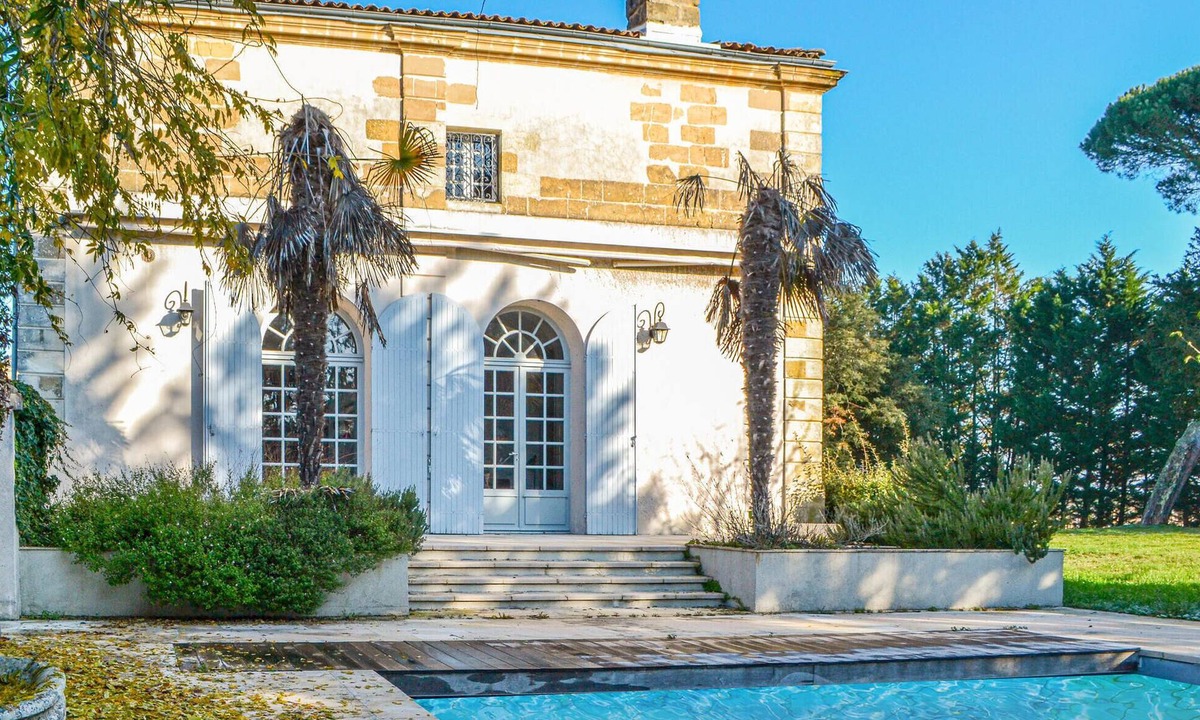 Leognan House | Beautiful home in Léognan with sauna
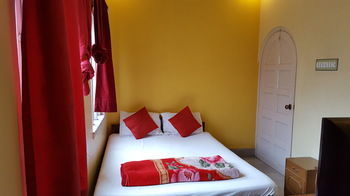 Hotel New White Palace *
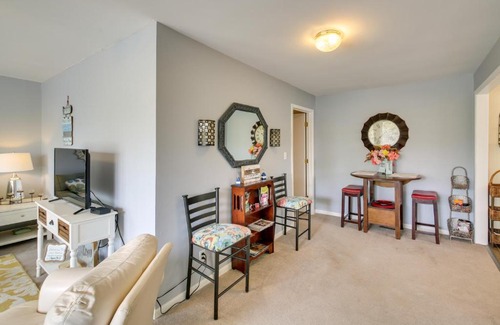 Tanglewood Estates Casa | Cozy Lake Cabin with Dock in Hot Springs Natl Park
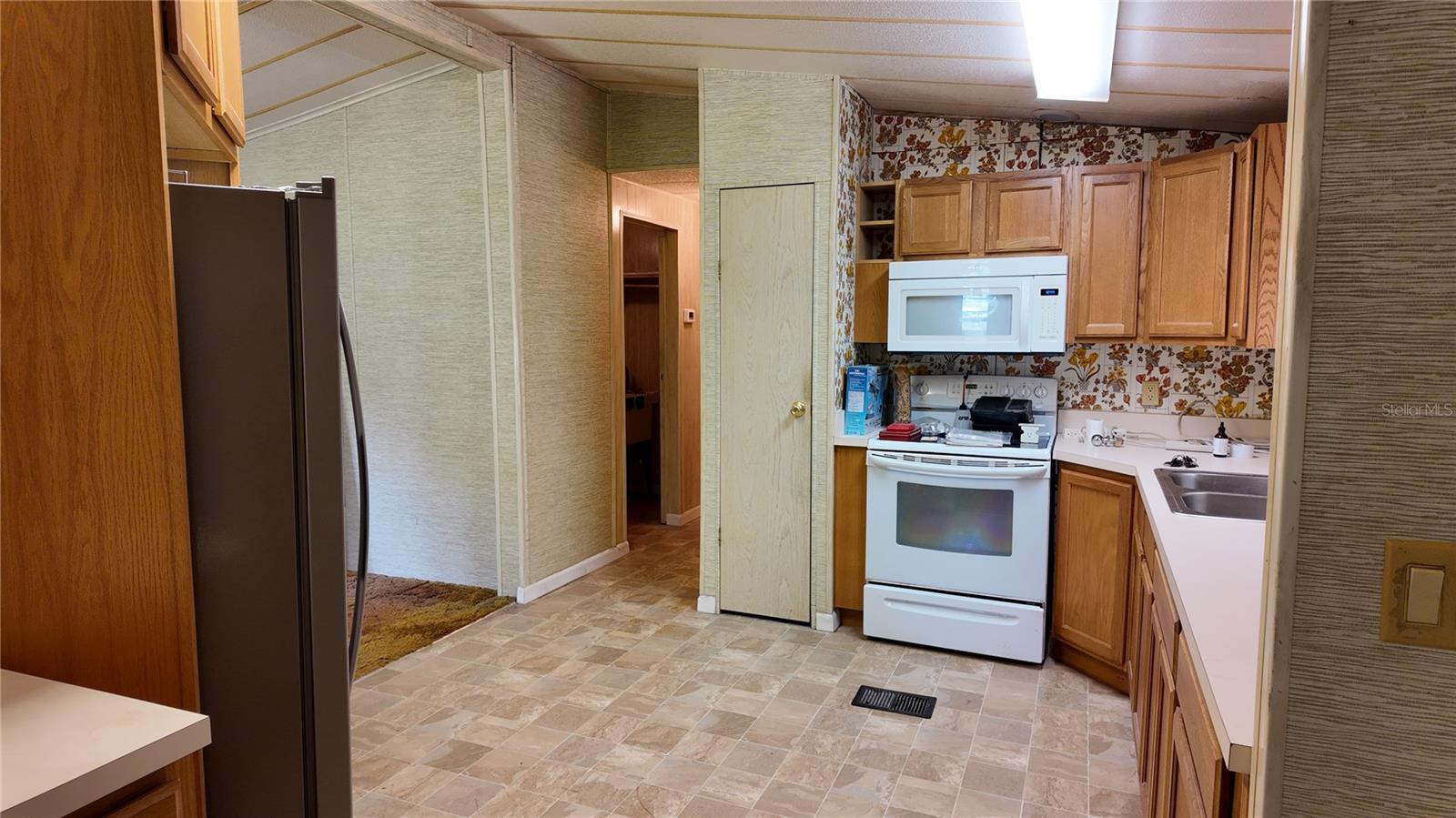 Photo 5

...

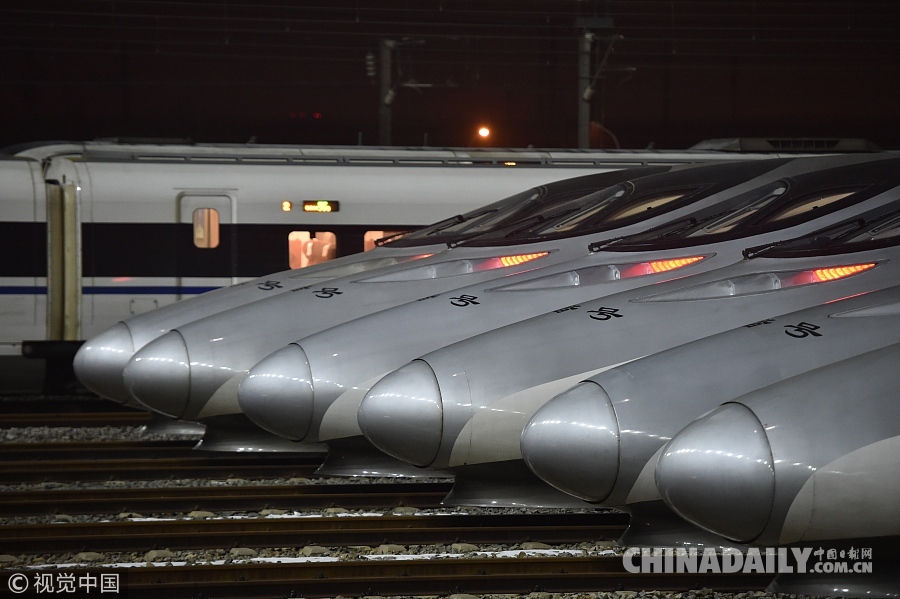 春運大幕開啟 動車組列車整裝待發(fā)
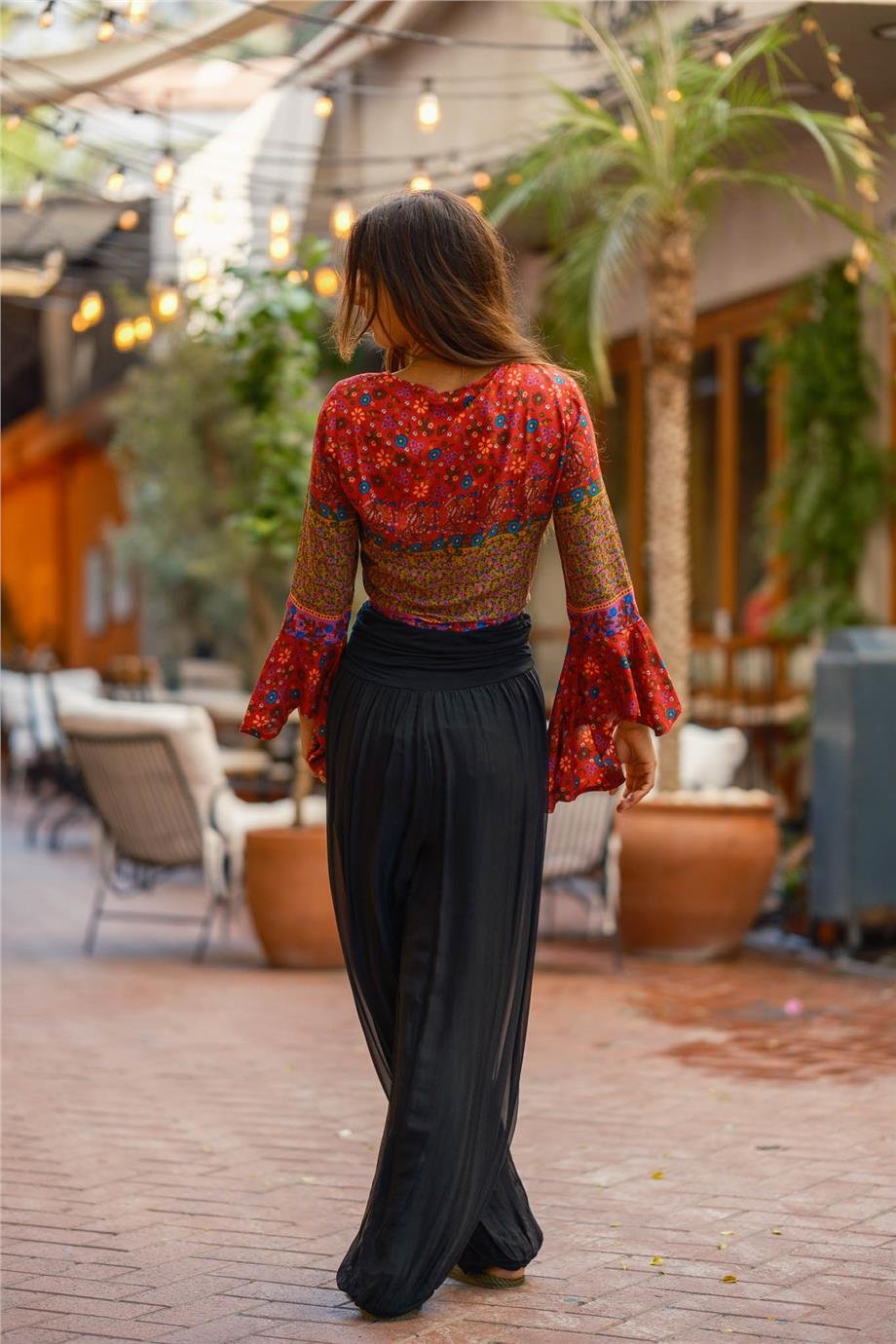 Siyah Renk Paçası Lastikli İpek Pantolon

==

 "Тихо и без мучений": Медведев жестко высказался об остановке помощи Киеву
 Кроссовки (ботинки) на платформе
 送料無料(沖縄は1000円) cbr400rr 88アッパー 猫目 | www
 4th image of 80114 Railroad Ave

DIRECTIONS FOR THIS TASK: Of the lines above, retype only those from the line containing "остановке помощи Киеву" through the line containing "4th image of 80114 Railroad Ave", including both, exactly.

ANSWER BELOW:
 "Тихо и без мучений": Медведев жестко высказался об остановке помощи Киеву
 Кроссовки (ботинки) на платформе
 送料無料(沖縄は1000円) cbr400rr 88アッパー 猫目 | www
 4th image of 80114 Railroad Ave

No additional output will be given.